→ WHAT NEEDS TO BE DONE
Copy exactly the lines of the data below that run from the line holding "Moncler Galion Hooded" through the line holding "hzew 60cm18k gold", both ends included.

BEGIN INPUT

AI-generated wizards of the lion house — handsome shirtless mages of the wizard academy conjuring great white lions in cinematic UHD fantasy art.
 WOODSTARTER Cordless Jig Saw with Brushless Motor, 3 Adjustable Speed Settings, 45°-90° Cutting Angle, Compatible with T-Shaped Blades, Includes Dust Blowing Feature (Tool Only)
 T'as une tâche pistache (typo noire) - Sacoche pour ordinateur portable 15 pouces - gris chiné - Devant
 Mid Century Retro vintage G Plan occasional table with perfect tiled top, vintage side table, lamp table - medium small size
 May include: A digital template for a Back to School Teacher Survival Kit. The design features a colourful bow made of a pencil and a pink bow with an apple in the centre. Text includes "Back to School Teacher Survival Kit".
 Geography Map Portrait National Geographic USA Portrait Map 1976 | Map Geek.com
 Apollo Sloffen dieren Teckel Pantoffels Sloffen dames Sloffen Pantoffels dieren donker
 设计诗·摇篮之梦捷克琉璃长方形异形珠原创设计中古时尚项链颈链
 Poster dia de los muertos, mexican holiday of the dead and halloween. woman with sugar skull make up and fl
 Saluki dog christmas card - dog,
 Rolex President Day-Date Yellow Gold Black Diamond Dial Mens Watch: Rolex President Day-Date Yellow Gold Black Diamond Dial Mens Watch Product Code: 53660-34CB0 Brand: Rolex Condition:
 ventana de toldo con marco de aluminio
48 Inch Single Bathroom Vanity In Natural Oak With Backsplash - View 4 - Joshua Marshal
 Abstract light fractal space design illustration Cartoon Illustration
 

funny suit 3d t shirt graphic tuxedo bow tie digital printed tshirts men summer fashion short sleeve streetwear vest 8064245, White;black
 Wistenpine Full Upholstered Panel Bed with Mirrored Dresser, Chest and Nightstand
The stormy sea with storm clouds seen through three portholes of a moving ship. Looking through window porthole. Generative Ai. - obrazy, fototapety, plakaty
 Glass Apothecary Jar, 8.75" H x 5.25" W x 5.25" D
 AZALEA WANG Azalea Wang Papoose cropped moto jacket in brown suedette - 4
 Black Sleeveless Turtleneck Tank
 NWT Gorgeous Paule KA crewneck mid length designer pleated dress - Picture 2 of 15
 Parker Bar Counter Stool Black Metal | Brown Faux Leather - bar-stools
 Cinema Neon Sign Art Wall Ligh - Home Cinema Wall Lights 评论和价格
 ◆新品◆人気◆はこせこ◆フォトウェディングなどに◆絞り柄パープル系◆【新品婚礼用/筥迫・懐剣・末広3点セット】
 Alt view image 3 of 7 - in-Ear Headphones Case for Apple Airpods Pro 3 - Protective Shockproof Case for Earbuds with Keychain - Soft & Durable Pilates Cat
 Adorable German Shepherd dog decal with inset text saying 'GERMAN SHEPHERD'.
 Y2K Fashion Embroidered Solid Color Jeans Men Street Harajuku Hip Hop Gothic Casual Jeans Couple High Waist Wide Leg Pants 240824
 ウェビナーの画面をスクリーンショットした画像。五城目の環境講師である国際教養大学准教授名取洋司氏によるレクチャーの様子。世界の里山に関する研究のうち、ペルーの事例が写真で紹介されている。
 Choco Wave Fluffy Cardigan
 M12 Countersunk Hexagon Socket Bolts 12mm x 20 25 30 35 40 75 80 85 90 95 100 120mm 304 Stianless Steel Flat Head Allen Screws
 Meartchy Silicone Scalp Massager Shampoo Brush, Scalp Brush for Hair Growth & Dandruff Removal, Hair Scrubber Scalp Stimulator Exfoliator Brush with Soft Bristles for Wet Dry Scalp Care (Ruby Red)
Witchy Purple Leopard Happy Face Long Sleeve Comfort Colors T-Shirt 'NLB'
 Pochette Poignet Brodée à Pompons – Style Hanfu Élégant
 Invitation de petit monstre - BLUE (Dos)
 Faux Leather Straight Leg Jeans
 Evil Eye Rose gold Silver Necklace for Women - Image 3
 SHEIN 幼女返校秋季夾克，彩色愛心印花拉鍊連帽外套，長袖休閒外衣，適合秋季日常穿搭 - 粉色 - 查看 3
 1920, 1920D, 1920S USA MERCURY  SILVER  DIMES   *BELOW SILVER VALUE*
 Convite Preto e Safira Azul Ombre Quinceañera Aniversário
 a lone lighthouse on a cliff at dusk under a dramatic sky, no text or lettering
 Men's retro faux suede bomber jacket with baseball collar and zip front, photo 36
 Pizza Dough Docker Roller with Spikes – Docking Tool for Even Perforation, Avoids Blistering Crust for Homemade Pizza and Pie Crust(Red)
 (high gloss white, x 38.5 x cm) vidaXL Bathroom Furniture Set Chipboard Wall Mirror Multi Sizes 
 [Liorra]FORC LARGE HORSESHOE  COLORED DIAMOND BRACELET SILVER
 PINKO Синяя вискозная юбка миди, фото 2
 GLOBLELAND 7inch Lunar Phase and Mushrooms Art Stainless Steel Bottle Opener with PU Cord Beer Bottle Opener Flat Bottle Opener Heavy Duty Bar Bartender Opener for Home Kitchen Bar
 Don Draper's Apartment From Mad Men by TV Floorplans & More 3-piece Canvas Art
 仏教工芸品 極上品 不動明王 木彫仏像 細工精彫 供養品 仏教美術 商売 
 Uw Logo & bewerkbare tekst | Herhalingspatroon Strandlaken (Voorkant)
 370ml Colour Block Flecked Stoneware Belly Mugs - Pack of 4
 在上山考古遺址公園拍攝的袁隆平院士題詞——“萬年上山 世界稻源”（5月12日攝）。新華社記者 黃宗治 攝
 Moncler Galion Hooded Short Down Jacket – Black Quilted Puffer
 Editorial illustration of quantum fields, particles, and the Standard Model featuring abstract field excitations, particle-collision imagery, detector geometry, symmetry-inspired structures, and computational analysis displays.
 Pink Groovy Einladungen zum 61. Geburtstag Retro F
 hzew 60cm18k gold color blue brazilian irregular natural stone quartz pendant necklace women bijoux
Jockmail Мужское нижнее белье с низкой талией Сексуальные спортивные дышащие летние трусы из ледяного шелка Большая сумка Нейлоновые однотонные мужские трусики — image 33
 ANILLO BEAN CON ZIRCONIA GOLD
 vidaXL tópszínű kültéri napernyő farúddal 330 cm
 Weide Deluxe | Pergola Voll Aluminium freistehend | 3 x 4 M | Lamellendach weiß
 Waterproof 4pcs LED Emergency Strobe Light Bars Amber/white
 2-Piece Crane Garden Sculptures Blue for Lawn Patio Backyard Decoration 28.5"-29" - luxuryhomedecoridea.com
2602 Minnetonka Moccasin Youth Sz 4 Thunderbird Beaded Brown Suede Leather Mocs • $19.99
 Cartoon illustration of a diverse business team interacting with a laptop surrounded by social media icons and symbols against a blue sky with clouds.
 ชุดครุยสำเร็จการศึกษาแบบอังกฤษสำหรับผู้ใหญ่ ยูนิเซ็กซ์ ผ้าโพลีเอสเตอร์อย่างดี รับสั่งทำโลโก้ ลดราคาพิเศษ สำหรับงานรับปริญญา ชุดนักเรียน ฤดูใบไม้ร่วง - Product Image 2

END INPUT

→ SOLUTION TO THIS PROBLEM
 Moncler Galion Hooded Short Down Jacket – Black Quilted Puffer
 Editorial illustration of quantum fields, particles, and the Standard Model featuring abstract field excitations, particle-collision imagery, detector geometry, symmetry-inspired structures, and computational analysis displays.
 Pink Groovy Einladungen zum 61. Geburtstag Retro F
 hzew 60cm18k gold color blue brazilian irregular natural stone quartz pendant necklace women bijoux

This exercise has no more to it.